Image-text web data
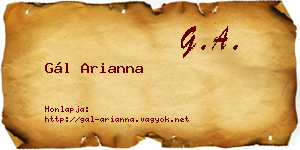 Gál Arianna névjegykártya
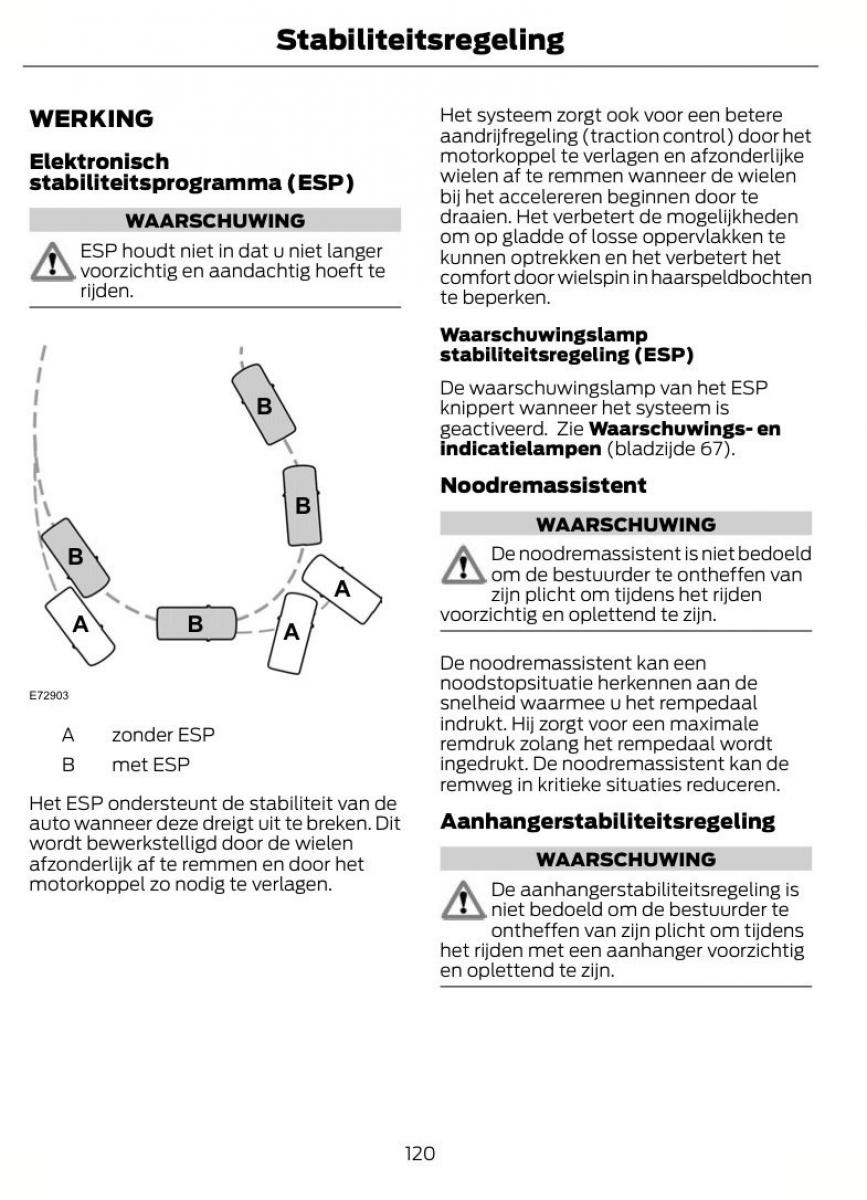 Ford Kuga I 1 handleiding / page 124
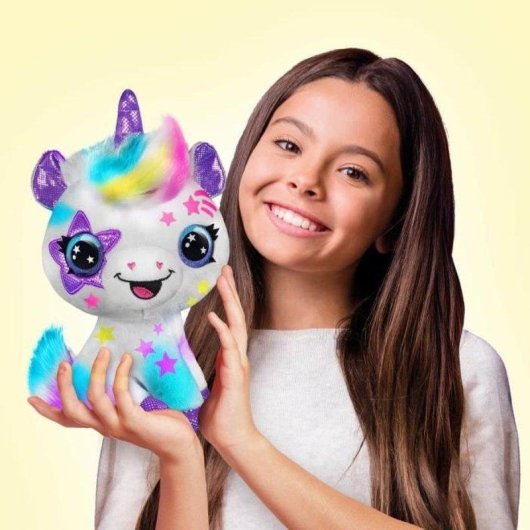 Einhorn Kuscheltier Style 4 Ever personalisierbar mit Elektro-Airbrush 120+ Schablonen 33 cm
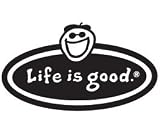 LIFE IS GOOD LOGO OVAL STICKERS (PACK OF 2) PERFECT FOR SPREADING CHEER AND OPTIMISM!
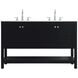 Theo 54 X 34 inch Black Bathroom Vanity Cabinet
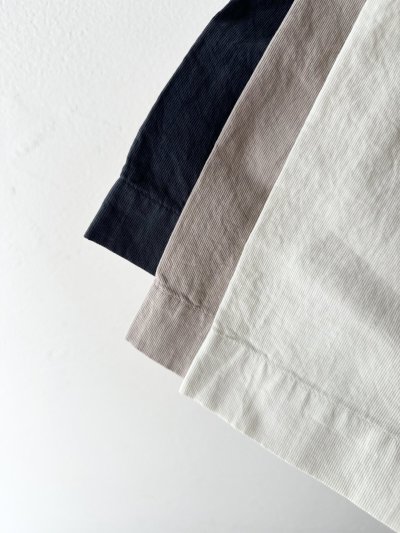 画像14: prit 60/1アンカットコール近江晒加工 2wayギャザースモック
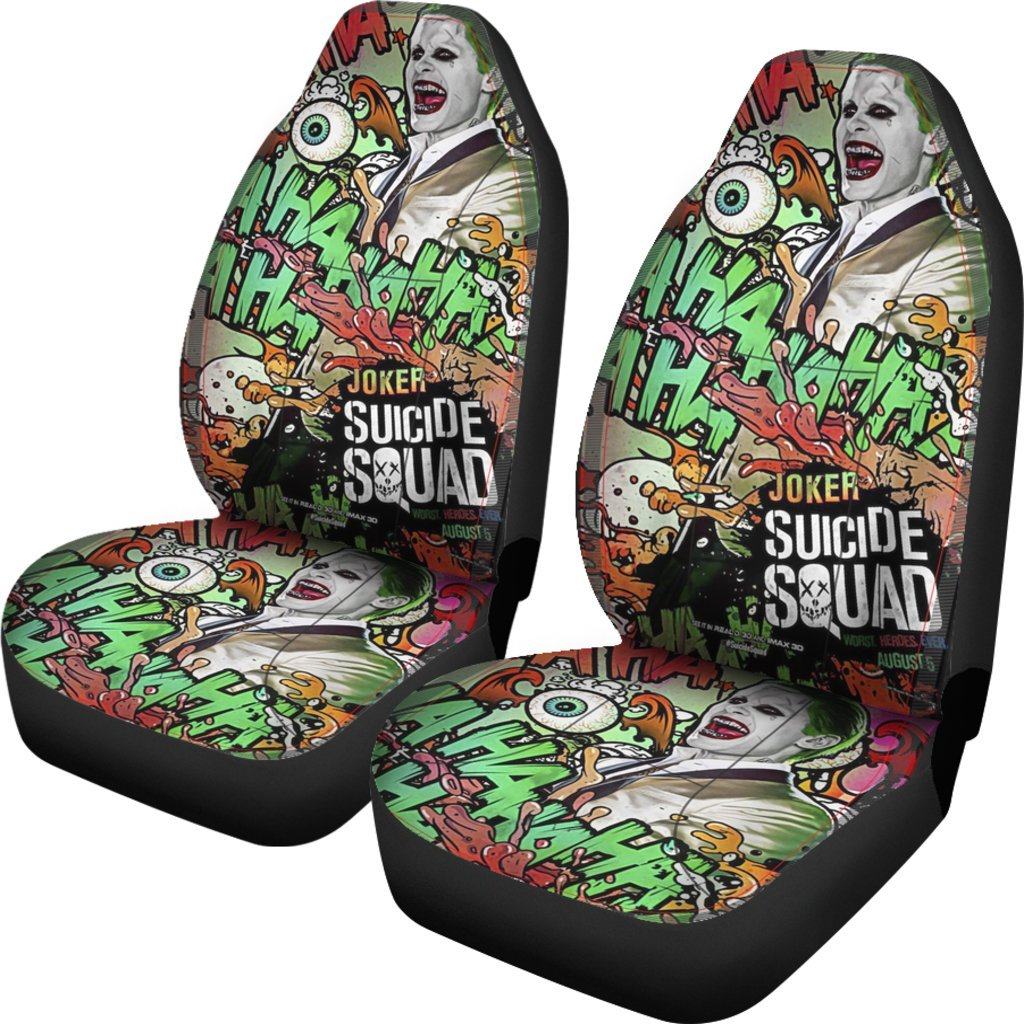 Joker Car Seat Covers Joker Villains Suicide Squad Seat Covers – Unifinz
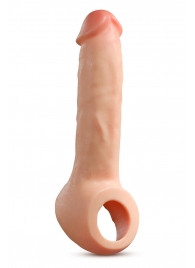 Телесная насадка-удлинитель Thrive 8.75 Inch Realistic Penis Extender Sleeve - 22,2 см. - Blush Novelties - в Находке купить с доставкой
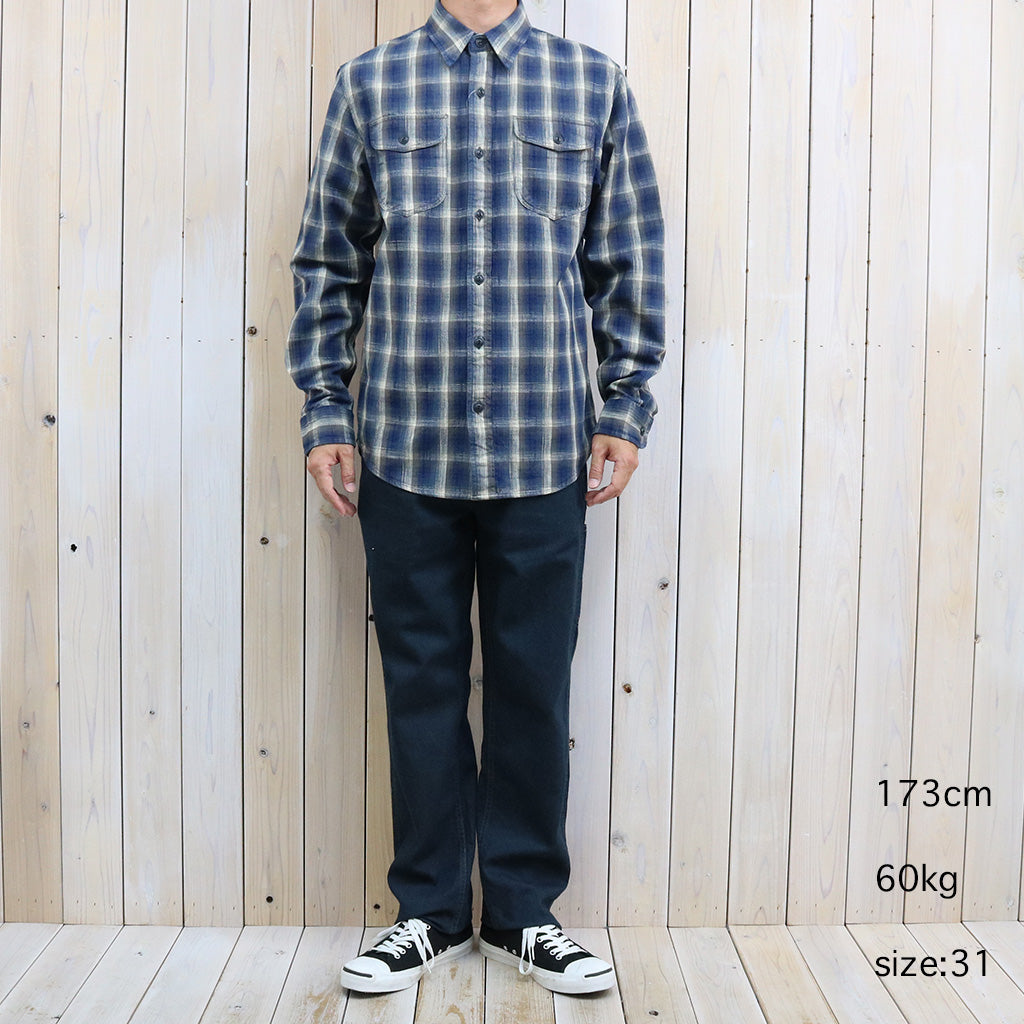 Double RL : ENGINEER FIT INDIGO DENIM PANT (BLUE)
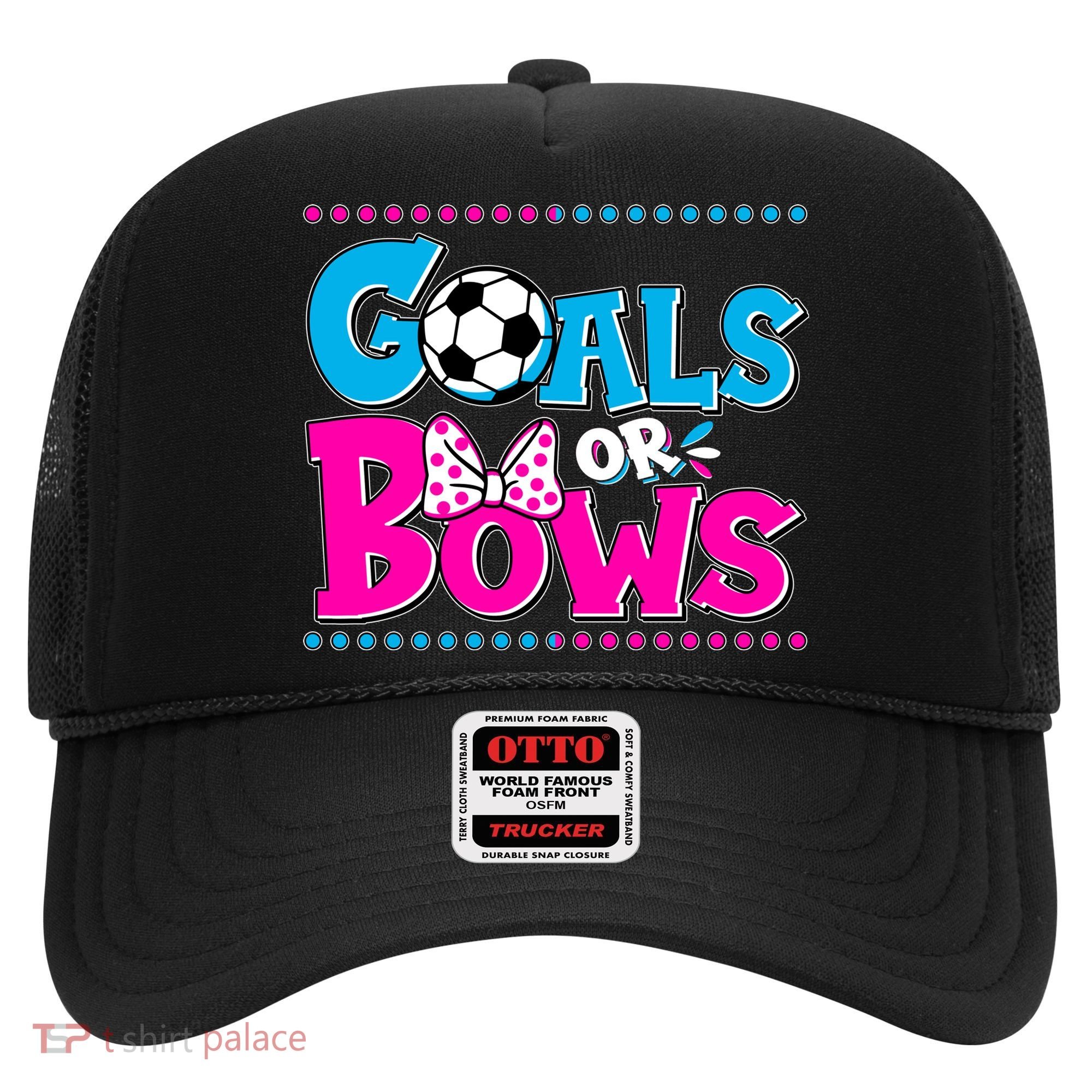 Cute Goals Or Bows Baby Gender Reveal Hat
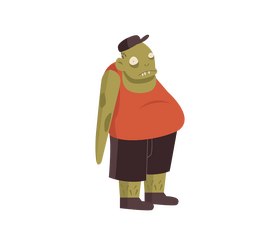 Fat zombie clipart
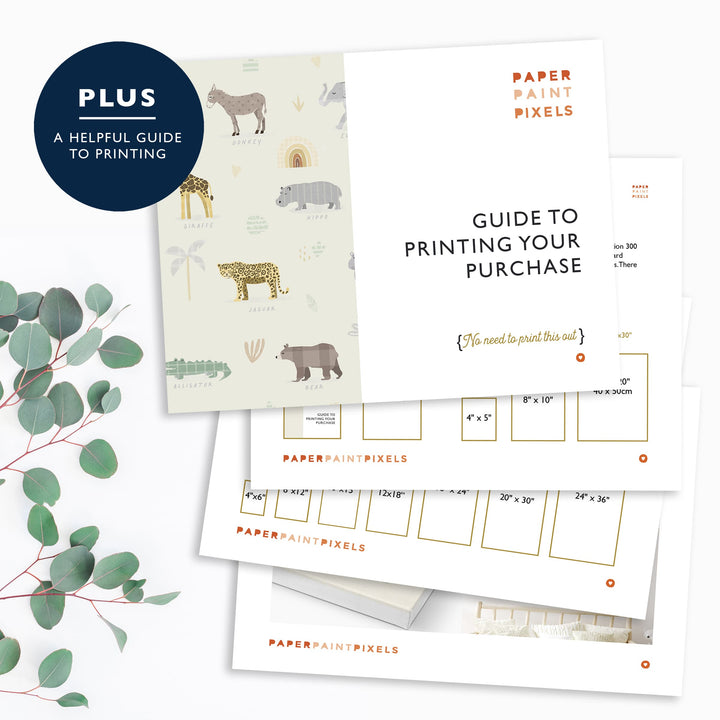 An Alphabet for Little Explorers | Instant Download - PaperPaintPixels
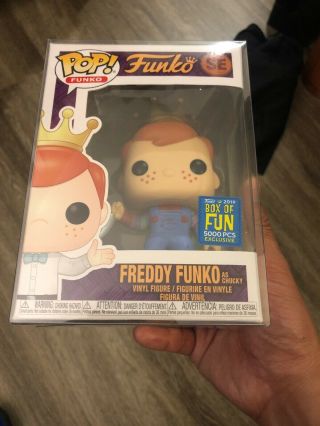 Funko Pop Box Of Fun Freddy Funko As Chucky Le 5000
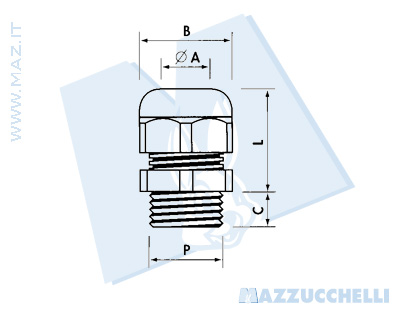 disegno tecnico Maxiblock - Passo metrico M 1.5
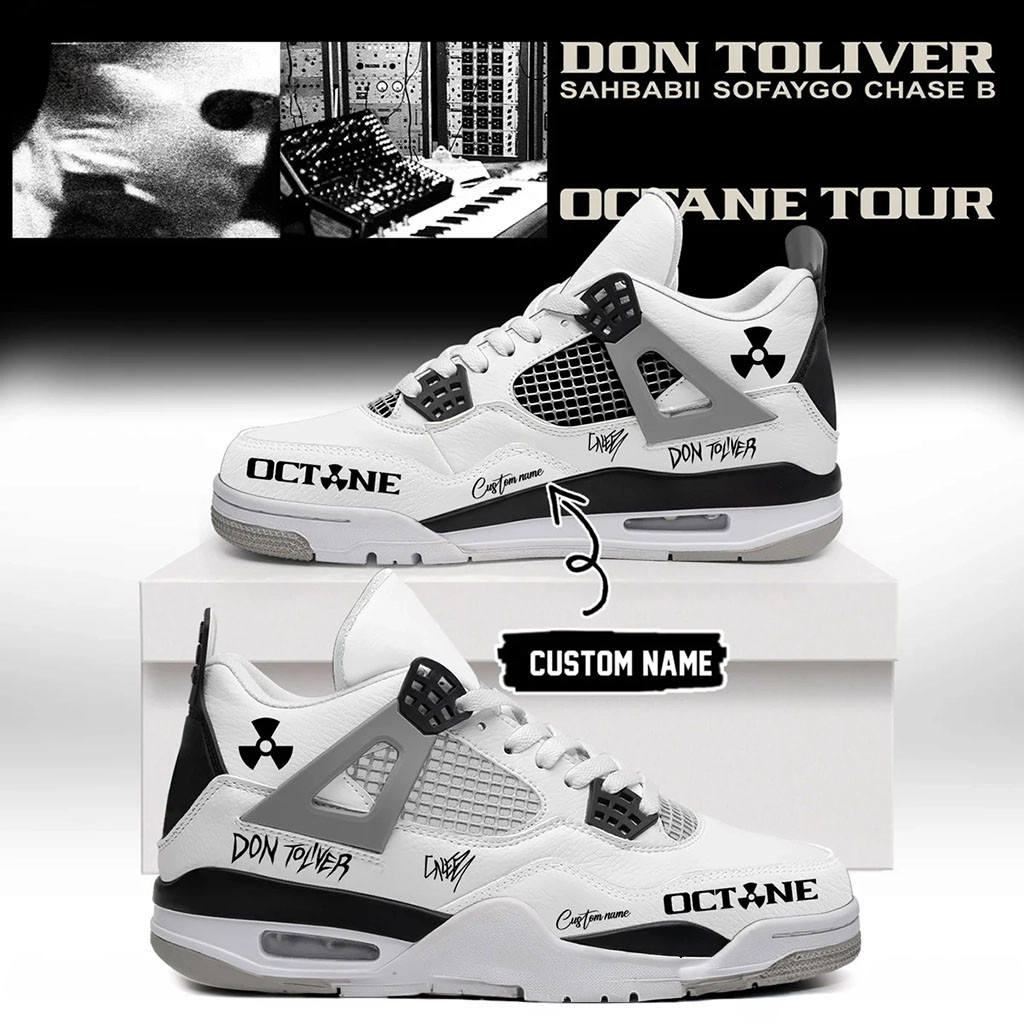 Personalized Don Toliver Octane Tour Sneakers Don Toliver Merch Rapper Concert Fan Gift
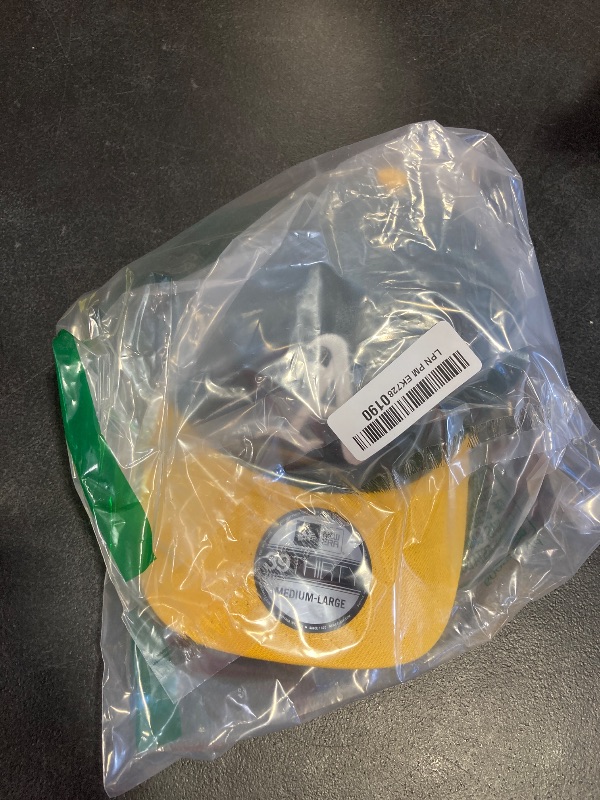 Photo 1 of New Era MLB 2-Tone Team Classic 39THIRTY Stretch Flex Fit Hat Cap (as1, Alpha, m, l, Oakland Athletics)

TASK REQUIREMENTS - Starting with the line above that holds "Ford Kuga I 1 handleiding / page 124", restate each line word for word up to and including the line that holds "Funko Pop Box". Drop the pictures.

WRITTEN ANSWER -
 Ford Kuga I 1 handleiding / page 124
 Einhorn Kuscheltier Style 4 Ever personalisierbar mit Elektro-Airbrush 120+ Schablonen 33 cm
 LIFE IS GOOD LOGO OVAL STICKERS (PACK OF 2) PERFECT FOR SPREADING CHEER AND OPTIMISM!
 Theo 54 X 34 inch Black Bathroom Vanity Cabinet
 画像14: prit 60/1アンカットコール近江晒加工 2wayギャザースモック
 Joker Car Seat Covers Joker Villains Suicide Squad Seat Covers – Unifinz
 Телесная насадка-удлинитель Thrive 8.75 Inch Realistic Penis Extender Sleeve - 22,2 см. - Blush Novelties - в Находке купить с доставкой
 Double RL : ENGINEER FIT INDIGO DENIM PANT (BLUE)
 Cute Goals Or Bows Baby Gender Reveal Hat
 Fat zombie clipart
 An Alphabet for Little Explorers | Instant Download - PaperPaintPixels
 Funko Pop Box Of Fun Freddy Funko As Chucky Le 5000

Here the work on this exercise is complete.